- **TO DO**
Only the pictures are to be left out; the listing itself is repeated exactly.

- **PROVIDED DATA**
▼

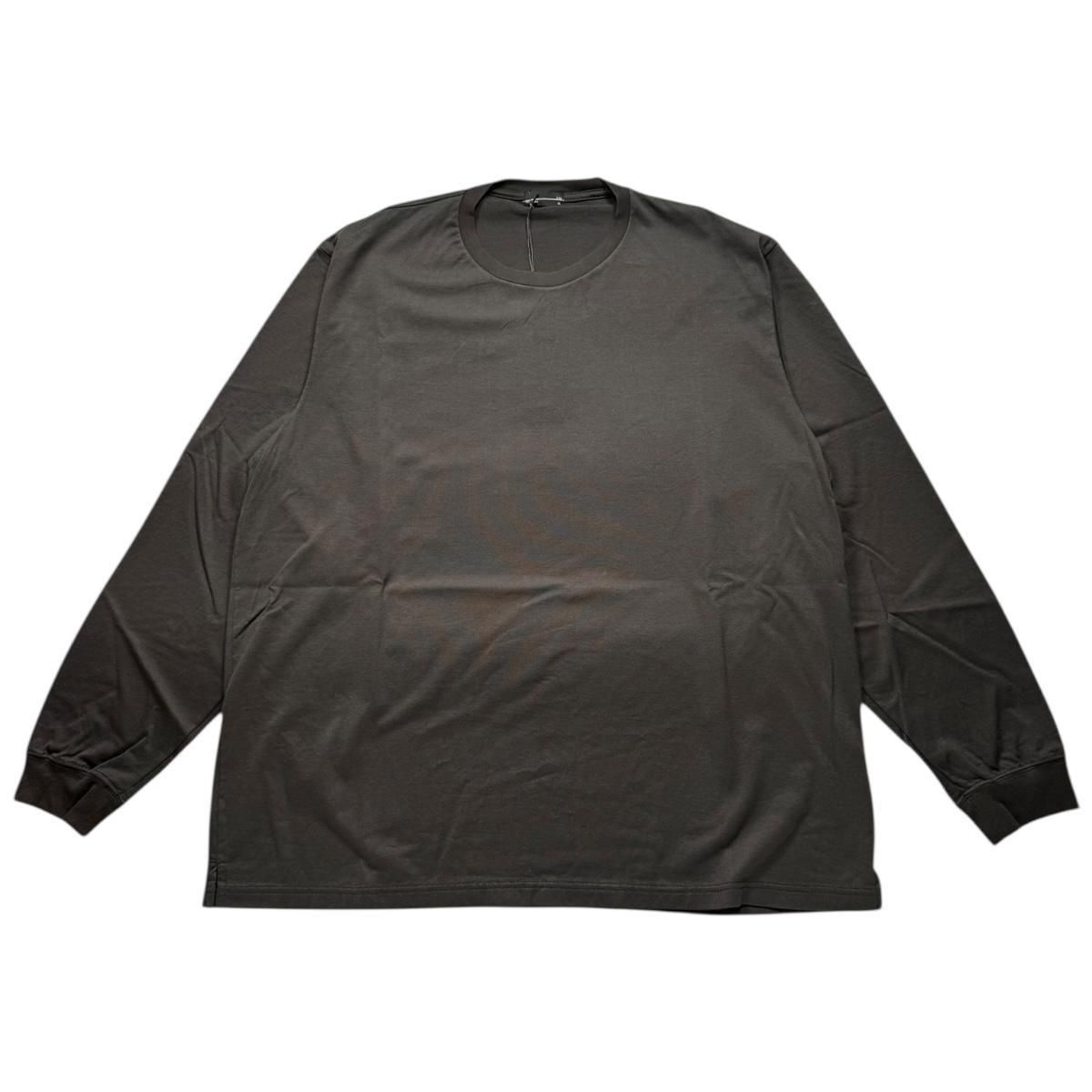 LAD MUSICIAN <BR>PERMANENT ROCKER MUJI BIG LS T-SHIRT(STEALTH KHAKI)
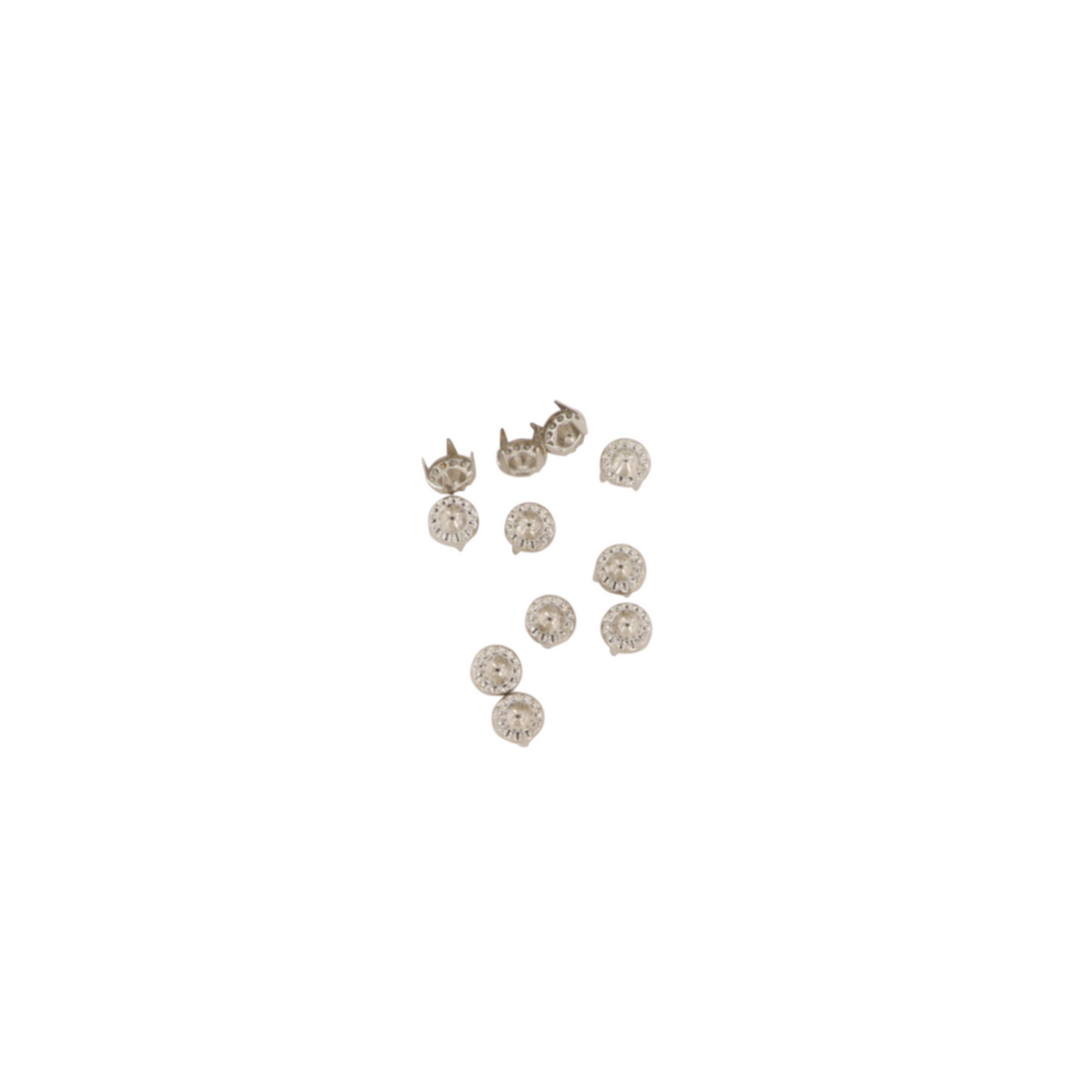 Nitter, blomst, forsølvet messing, 10-100 stk Beadhouse of Copenhagen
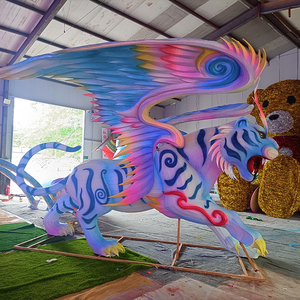 Usine personnalisé chinois tigre lanternes vacances éclairage Led soie lanternes mouche tigres <span class=keywords><strong>lanterne</strong></span> à vendre - Product Image 1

▲

- **WRITTEN RESPONSE**
 LAD MUSICIAN <BR>PERMANENT ROCKER MUJI BIG LS T-SHIRT(STEALTH KHAKI)
 Nitter, blomst, forsølvet messing, 10-100 stk Beadhouse of Copenhagen
 Usine personnalisé chinois tigre lanternes vacances éclairage Led soie lanternes mouche tigres <span class=keywords><strong>lanterne</strong></span> à vendre - Product Image 1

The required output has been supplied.